To confront this truth is to grieve. It is to name the harm done in the name of this faith and to recognize how we have all, in some way, participated—actively or passively—in its perpetuation. Yet, it is also an invitation to imagine something new: a way to untangle the sacred from the systems it has upheld and reclaim the radical liberation buried beneath centuries of power.
This is the journey we begin today.
A Personal Reckoning: Tracing the Fractures of Faith
This story, like many others tied to Christianity, shaped my life for decades. I grew up Irish Catholic, immersed in an ethnoreligion where faith was more than personal belief—it was cultural identity. I learned the catechism, memorized the rites, and steeped myself in the history of the Church. As a child, I knew the structure and solemnity of the Mass, where voices barely rose above a whisper and the space felt sacred in its quietude.
When I moved to the South as an adult, everything changed. For the first time, I became a part of a non-Catholic church. The teachings were different, the Bible was different, and the atmosphere was something I could never have imagined. The singing was loud, the rejoicing unrestrained, and the sheer energy of the service left me both curious and deeply intimidated. At first, I couldn’t reconcile this with my quiet Catholic roots, and I left, sure I was going to hell if I stayed in that space.
But curiosity pulled me back. I began attending again, eventually joining the women’s ministry, the children’s church, and, yes, sitting front row. I was swept up in it all—the community, the doctrine, the study—and began to immerse myself in understanding not just this church, but the broader world of Christianity.
That was when I began to see the fractures. The sects, the divisions, and the ways doctrine had been shaped and reshaped depending on who was receiving it and who was delivering it. I studied deeply, becoming a pastoral counselor and founding Selenite and Sage, a practice dedicated to shadow work and helping those leaving the Church reclaim their indigenous spiritual practices.

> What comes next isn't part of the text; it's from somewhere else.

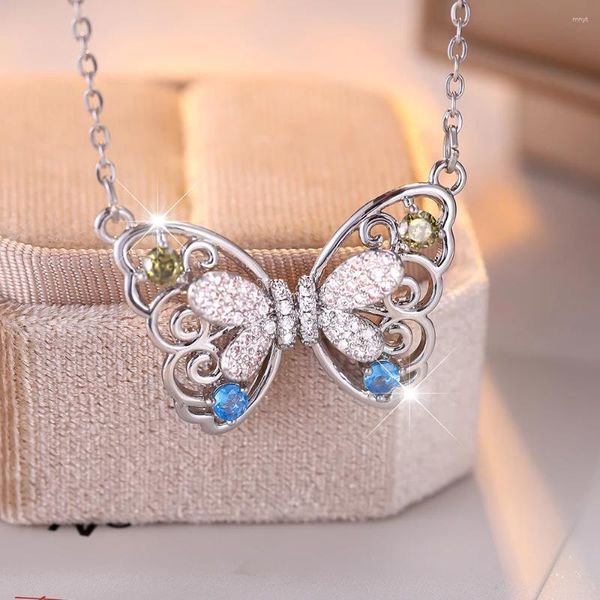 Colares Pingente Y2K Olive Blue Stone Borboleta para Mulheres Meninas Prata Cor Zircon Cristal Clavícula Moda Jóias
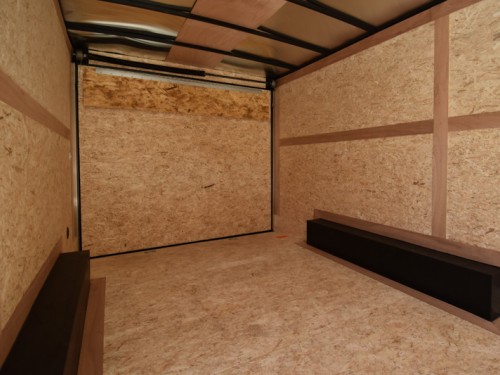 Mustang 8.5'x16' Enclosed Carhauler Trailer Preview Photo 4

But even there, I saw harm emerge. The wave of white witchcraft brought spiritual bypassing into the spaces I sought to build, so I began anew. I created a community focused on unlearning, unpacking, and ancestral veneration, which blossomed into what you now see before you: Liberation Education, a branch of Make Shi(f)t Happen, my company dedicated to liberation through decolonization and whole self-healing.
This journey—my own personal decolonization—has been painful and freeing, filled with grief, reclamation, and a deep commitment to sharing these stories.
Bethlehem’s Radical Promise: Rooted in the Torah and Tanakh
To fully understand the significance of the Star of Bethlehem, we must first understand its origins in the Torah and Tanakh—the foundational texts of Judaism. These sacred scriptures, later reframed as the “Old Testament” by Christians, were central to the beliefs of early Jewish Christians and deeply shaped the narrative of Jesus’ birth.
The Prophetic Promise of Bethlehem
Micah’s prophecy declared:
"But you, Bethlehem Ephrathah, though you are small among the clans of Judah, out of you will come for me one who will be ruler over Israel, whose origins are from of old, from ancient times" (Micah 5:2).
Similarly, Isaiah envisioned a messiah who would bind the brokenhearted and proclaim freedom:
"The Spirit of the Sovereign Lord is on me, because the Lord has anointed me to proclaim good news to the poor... to proclaim freedom for the captives" (Isaiah 61:1).
These prophecies were deeply Jewish in their origins, rooted in a covenantal relationship between God and Israel. Early Christians, often referred to as Jewish Christians, continued to follow Jewish law and use the Torah and Tanakh as sacred texts. For them, Jesus’ teachings aligned with the prophetic calls for justice, mercy, and restoration.